1. We were at home, or we were out in the yard. Maybe with the kids at a playground. Or ice cream on the back deck. Jogging with the baby in a stroller because it was Marathon Monday and we take pleasure in the minature and the mimetic. We were, most of us, in the middle of our Here. But as that afternoon lanced into early evening, we made our way to the television. Squeezed our phones into our palms. Sat in front of the computer. Because now, we were There.

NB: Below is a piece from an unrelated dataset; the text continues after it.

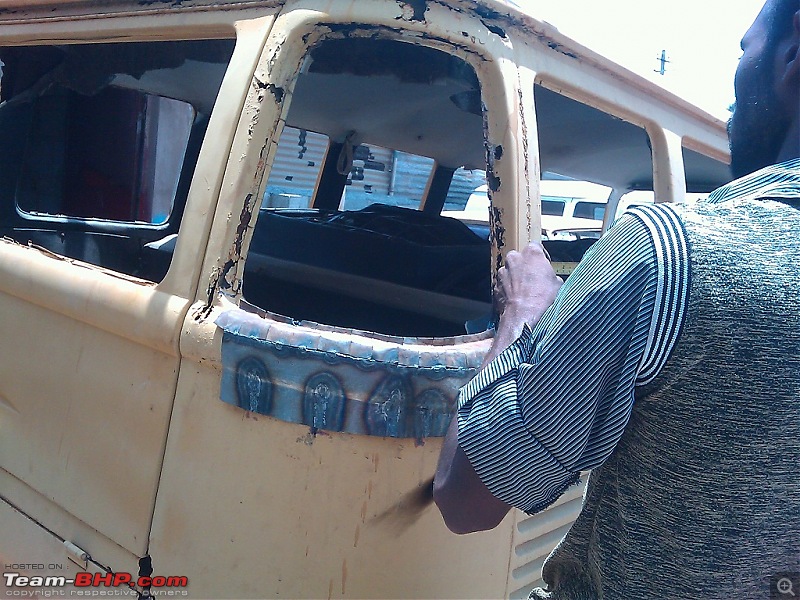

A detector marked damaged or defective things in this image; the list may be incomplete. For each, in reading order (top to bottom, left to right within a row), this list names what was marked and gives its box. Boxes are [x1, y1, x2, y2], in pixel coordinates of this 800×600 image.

corroded window seal [216, 310, 490, 440]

2. This hurt. So deep. Just so fucking deep. Seeing that boy’s face most of all. A smile with a lifetime of gaps between the teeth for the growth to get in. Probably there aren’t any words outside of abstractions for what that hurt does to our insides when we sit with it, so we unname it. Unspeakable. Unutterable. Can’t imagine. Don’t. Don’t understand. Nonononono.
It hurt. So fucking deep. I don’t think anything we do or say will cauterize that wound, even at our remove. We will end up living around it. May peace contend and prevail within the souls of those who will live with wounds far deeper than ours.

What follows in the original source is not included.